I am not persuaded by Ashland's argument, however, that the deposition testimony of Mr. David Abner, given as Ashland's representative pursuant to Federal Rule of Civil Procedure 30(b)(6), can serve as a sufficient replacement for Mr. White's testimony. Motion at 6-7; Reply at 6-8. Whereas Mr. Abner could, as a 30(b)(6) witness, convey at his deposition what he learned from Mr. White about the settlement (Mr. Abner was not employed by Ashland when the events at issue occurred), he cannot possibly testify at trial to events as to which he had no personal knowledge. Fed. R. Evid. 602. Moreover, the nature and relevance of Mr. White's alleged actions and knowledge make the reading of Mr. Abner's deposition testimony, even if permitted under Rule 602, an inadequate substitute for testimony by Mr. White.
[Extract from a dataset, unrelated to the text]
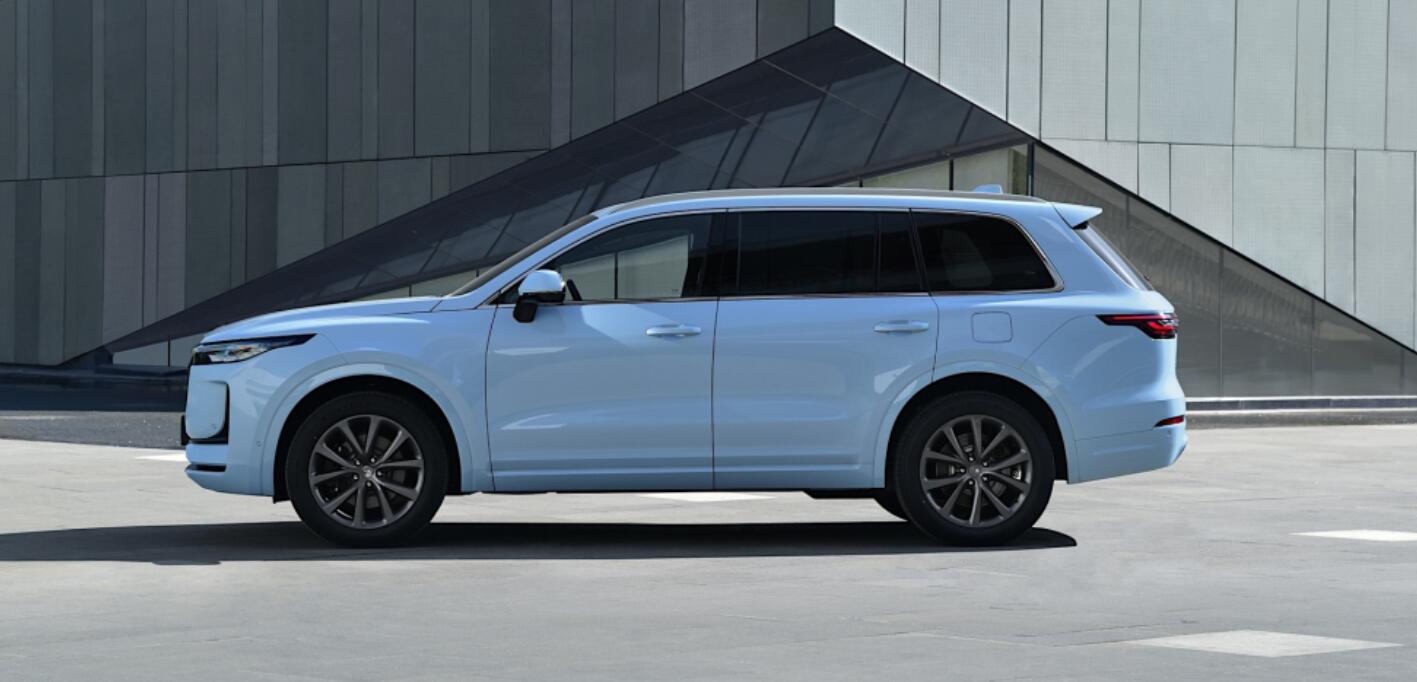 Li Auto aims to be No. 1 smart EV firm in China with 20% share by 2025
With that said, I emphasize that this ruling is conditional. Trials are dynamic and in many of them evidence that seems crucial when the trial begins proves not to be when other evidence is received. I will therefore require that Mr. White be C&E's last witness, and the issue of whether he should testify will be revisited before he is called to the stand. Until that point, there will be no reference by any lawyer to the potential that he may testify or to the testimony he may give. I also direct plaintiffs to secure the transcript of the hearing held on April 11, 2008, so that I will have the option of having it read to the jury in lieu of Mr. White's live testimony.
For the reasons stated above, Ashland's Motion will be denied.